Duro spaccato di lutto familiare firmato John Cameron Mitchell

Una famiglia di fronte a una tragedia che cambia la vita. L’amore che la tiene unita tra rabbia, bisogni, rivalità, colpe e speranze. L’universo di Becca e Howie Corbett, sicuro e confortevole, viene sconvolto dalla morte del figlioletto. Tutto resta appeso a un filo ma per loro c’è un’ancora di salvezza. Rabbit Hole diretto da John Cameron Mitchell con Nicole Kidman, Aaron Eckhart e Dianne Wiest, è un commovente affresco della perdita, della difficoltà di elaborare il lutto, un viaggio negli stati d’animo più dolorosi ma anche divertenti e sorprendenti dell’essere umano, che fanno restare attaccati alla vita, anche nella catastrofe. Perfetti i protagonisti, mai sopra le righe, e la sceneggiatura che ti fa entrare in punta di piedi, senza pietismo, nella straziante realtà di una famiglia normale alle prese con una ferita difficilmente rimarginabile, coinvolgendoti emotivamente con garbo.

Il titolo del film, tratto dall’omonima pièce teatrale vincitrice del Premio Pulitzer, adattata per il grande schermo dall’autore David Lindsay-Abaire senza sentimentalismi, richiama la caduta di Alice nel Paese delle Meraviglie dove accadono eventi impossibili, come l’esperienza surreale del lutto. La coppia del film è travolta dalla morte accidentale del loro figlio e scaraventata fuori dal proprio mondo. La controllata Becca (Kidman) vuole mettere da parte il passato e tenersi tutto dentro. Il più estroverso Howe (Eckhart) invece, si aggrappa ai ricordi, agli amici, sperando di rivitalizzare il proprio matrimonio. La Kidman, che ha anche coprodotto il film, si è tuffata senza riserve nel ruolo di Becca: «Mi sono confrontata con il suo stoicismo – dichiara l’attrice australiana -, ha toccato i miei nervi scoperti in modo talmente profondo da far paura. È una realtà psicologica che non avrei mai voluto indagare. Il mio approccio al personaggio è stato riconoscere il suo enorme dolore, credo sia così per ogni donna che perde un figlio».

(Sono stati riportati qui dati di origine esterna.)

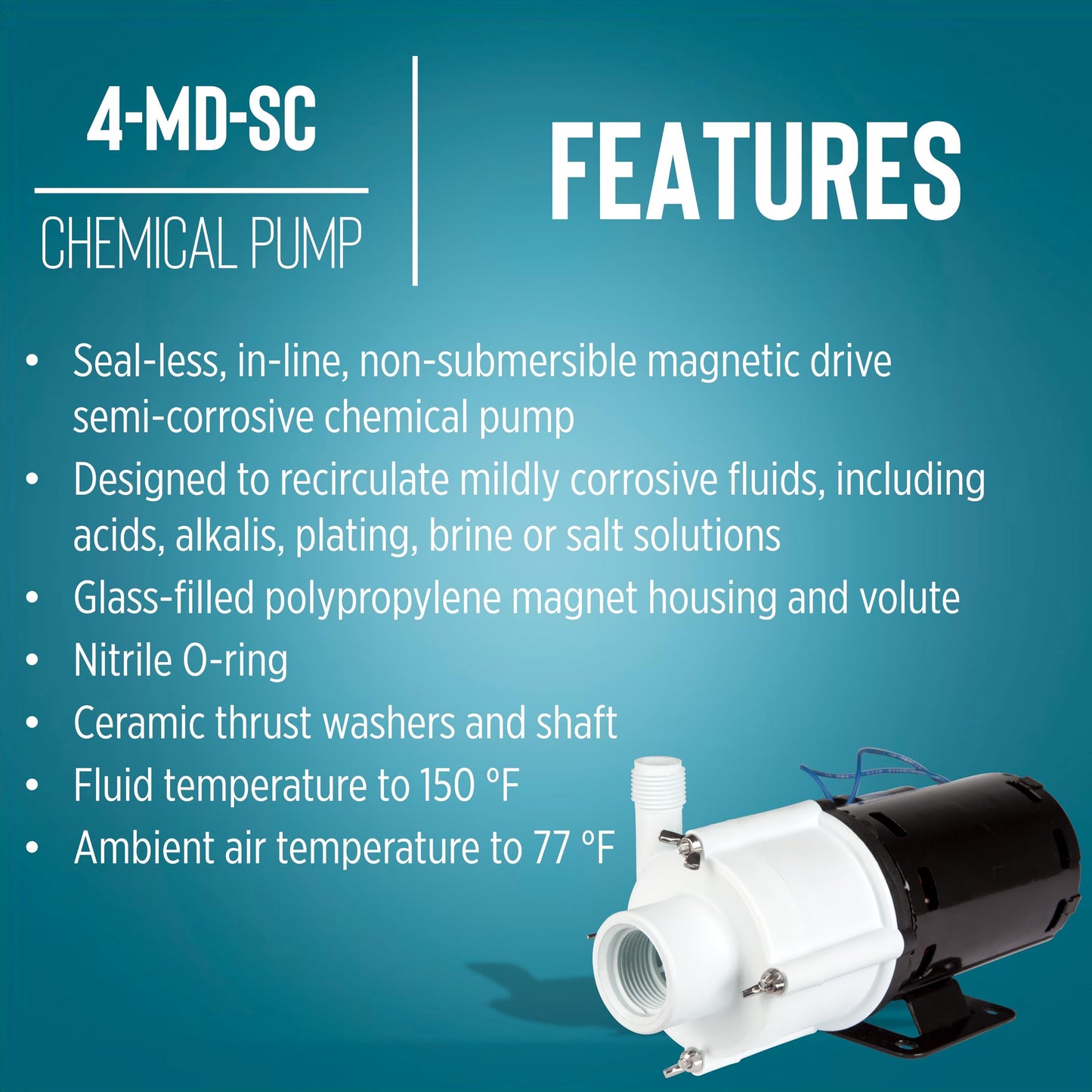Little Giant 115 Volt, 1/10 HP, 840 GPH, 4-MD-SC Non-Submersible Semi-Corrosive Chemical Magnetic Drive Pump, 6-Foot Cord with Plug, Black/White, 582503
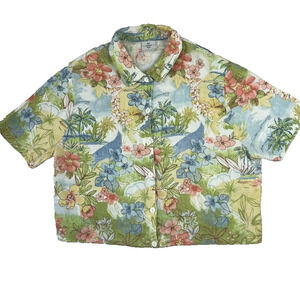 Hot Cotton Blouse Shirt Women L - XL Button Up Floral Linen Blend Crop Hawaiian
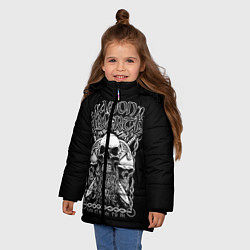 Куртка зимняя для девочки Amon Amarth: Trio Skulls, цвет: 3D-черный — фото 2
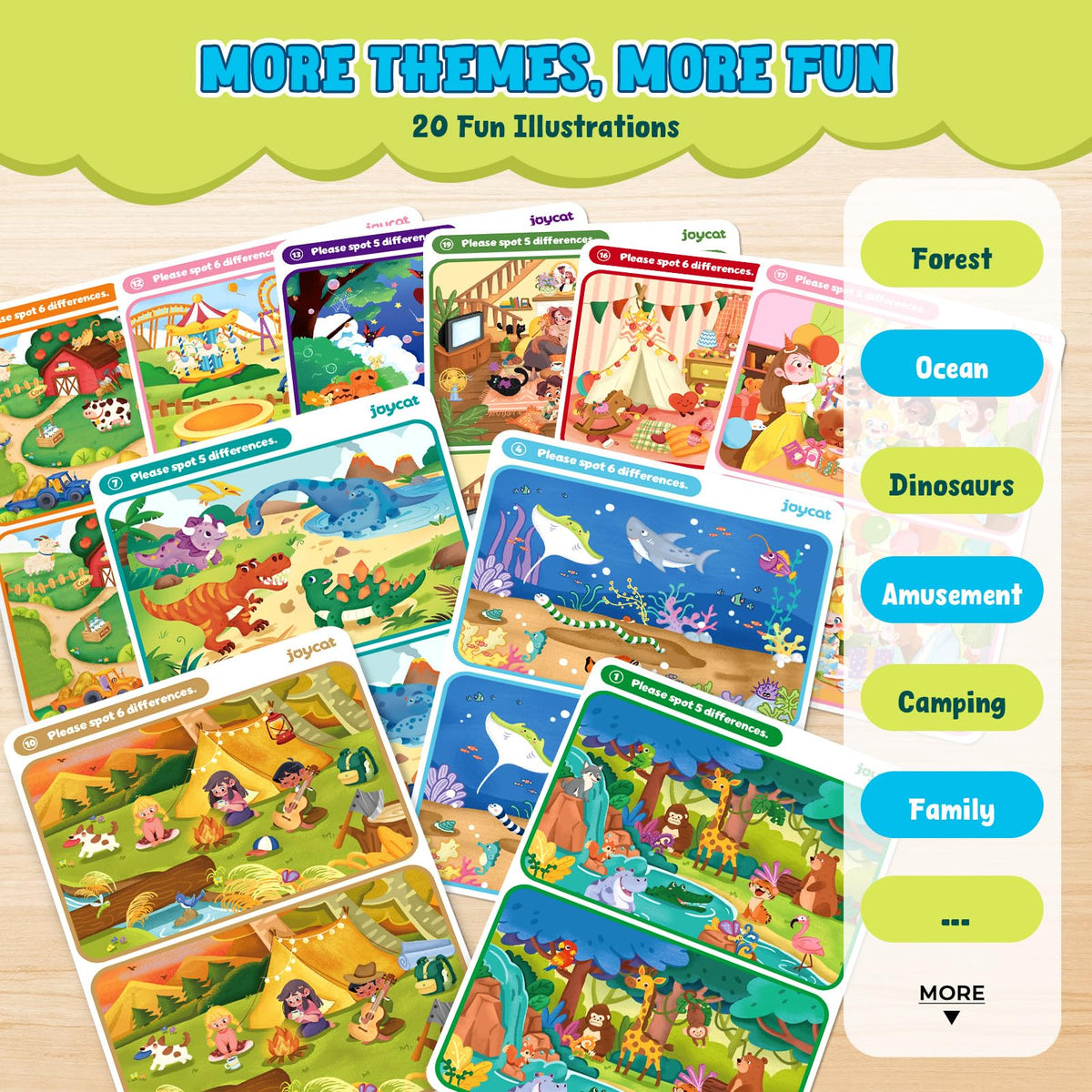 JoyCat reusable puzzle cards reduce waste with wipe-clean play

Certe scene contengono anche sprazzi comici. «Credo che anche nei momenti di profondo dolore le persone possano continuare a essere divertenti – dice -, è molto consolatorio. L’umorismo è sempre presente, anche se è un umorismo nero». I guizzi umoristici della sceneggiatura hanno conquistato anche Heckhart, a Roma per presentare la pellicola al Festival del Film: «Cattura quei momenti familiari che sono sia divertenti che amari – dice -, porta alla luce quell’umorismo che nasce quando niente sembra più avere senso e si cerca un po’ di sollievo. In questa coppia si riconoscerà chi ha provato confusione, lutto, pressioni familiari, difficoltà coniugali, cose che ciascuno deve affrontare quotidianamente». La preparazione alla parte è stata impegnativa: «Come attore era impossibile cercare di convincermi che provavo lo stesso dolore, ma ho partecipato ai gruppi di sostegno per genitori che hanno perso un figlio – racconta -, il dolore era così intenso che nessun film lo può rendere, dura tutta la vita, va trattato con rispetto». Come ha saputo fare egregiamente il regista, che è riuscito a evitare il pericolo di trasformare la storia in un polpettone lacrimevole. «Ha perso un fratello da bambino – spiega Eckhart -, aveva la giusta sensibilità».